Scontri al confine tra Venezuela e Colombia. Dopo che il leader dell’opposizione Juan Guaidò ha annunciato l’arrivo degli aiuti umanitari e i suoi simpatizzanti hanno tentato di forzare i blocchi affrontando la dura repressione dei militari, Nicolas Maduro ha annunciato la rottura di “tutte le relazioni diplomatiche e politiche” con il governo “fascista” della Colombia, esortando i diplomatici colombiani ad abbandonare il Venezuela “entro 24 ore“. “Mai un presidente di Bogotà ha odiato tanto il Venezuela”, ha detto del presidente colombiano, Ivan Duque, chiamandolo “diavolo”. L’unico camion di aiuti umanitari che era riuscito a passare oggi dalla Colombia è stato incendiato dalle forze di sicurezza di Maduro. Lo rendono noto manifestanti presenti sul posto. “Almeno quattro persone sono morte oggi a Santa Elena de Uairen, località a 20 km dal confine con il Brasile, uccise dai “colectivos” (gruppi irregolari chavisti) che sparano sui manifestanti”, ha detto Alfredo Romero, direttore della ong Foro Penal, aggiungendo che i feriti sono almeno 18.

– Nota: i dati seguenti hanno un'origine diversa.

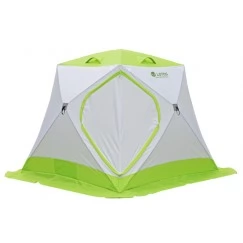 Палатка зимняя ЛОТОС Куб Профессионал М (2.10x2.10x1.80 м)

Intanto il Venezuela continua a vivere giorni drammatici. Guaidò, che ieri ha attraversato il confine con la Colombia, ha annunciato da Cucuta – insieme al presidente colombiano Duque – l’inizio di quello che ha battezzato “la valanga umanitaria“, cioè l’ingresso degli aiuti depositati in Brasile, Colombia e Curazao dai paesi che hanno risposto alla sua richiesta di assistenza. Poche ore dopo, lo stesso Guaidò ha reso noto che un primo camion di aiuti è entrato dalla frontiera brasiliana, a Pacaraima, informazione poi confermata dal ministro degli Esteri brasiliano Ernesto Araujo. Ma è sui ponti sopra il fiume Tachira, che segna la frontiera fra Venezuela e Colombia, che la situazione è ben più tesa.
Un primo momento di tensione si è vissuto quando un blindato della Guardia Nazionale ha sfondato le barriere disposte per bloccare il traffico sul ponte Simon Bolivar. Le autorità colombiane hanno temuto fosse uno sconfinamento dei militari venezuelani, ma in realtà si trattava di tre soldati che hanno deciso di disertare e chiedere protezione al governo di Bogotà. Altri casi di defezioni fra i militari venezuelani si sono susseguiti durante la giornata, tra cui anche quello di un maggiore dell’esercito, Hugo Parra Martinez, sul ponte di Tienditas, e anche in altri punti del paese.
Poi gli scontri, registrati a Urena dove manifestanti affrontano da ore la Guardia Nazionale che impedisce loro di raggiungere il ponte che porta in Colombia. La violenza si è poi rapidamente estesa a San Antonio de Tachira e Santa Elena de Uairén, circa 20 km dalla frontiera con il Brasile, dove “almeno quattro persone sono morte oggi a Santa Elena de Uairen, località a 20 km dal confine con il Brasile, uccise dai “colectivos” (gruppi irregolari chavisti) che sparano sui manifestanti”, ha detto Alfredo Romero, direttore della ong Foro Penal, aggiungendo che i feriti sono almeno 18.
Sui ponti che portano dallo Stato venezuelano di Tachira al dipartimento colombiano di Norte de Santander la situazione è molto tesa, con deputati oppositori e manifestanti che cercano di far passare gli aiuti umanitari – se non a bordo di camion con catene umane – e forze di sicurezza che intervengono per bloccarli, con cariche e lacrimogeni. “Dio benedica il popolo del Venezuela”: è il tweet di Donald Trump che dalla Casa Bianca segue le vicende al confine con la Colombia dove sono fermi gli aiuti umanitari.
A Caracas, nel frattempo, migliaia di manifestanti oppositori hanno circondato la base aerea militare di La Carlota, per esigere alle Forze Armate che permettano l’ingresso degli aiuti umanitari nel territorio venezuelano, mentre dall’altra parte della città Nicolas Maduro ha parlato durante un meeting chavista, esibendosi anche in un ballo con la moglie, Cilia Flores. “La vittoria ci appartiene!”, ha ribadito Maduro, dando per sconfitto il “tentativo di golpe imperialista” contro il suo governo.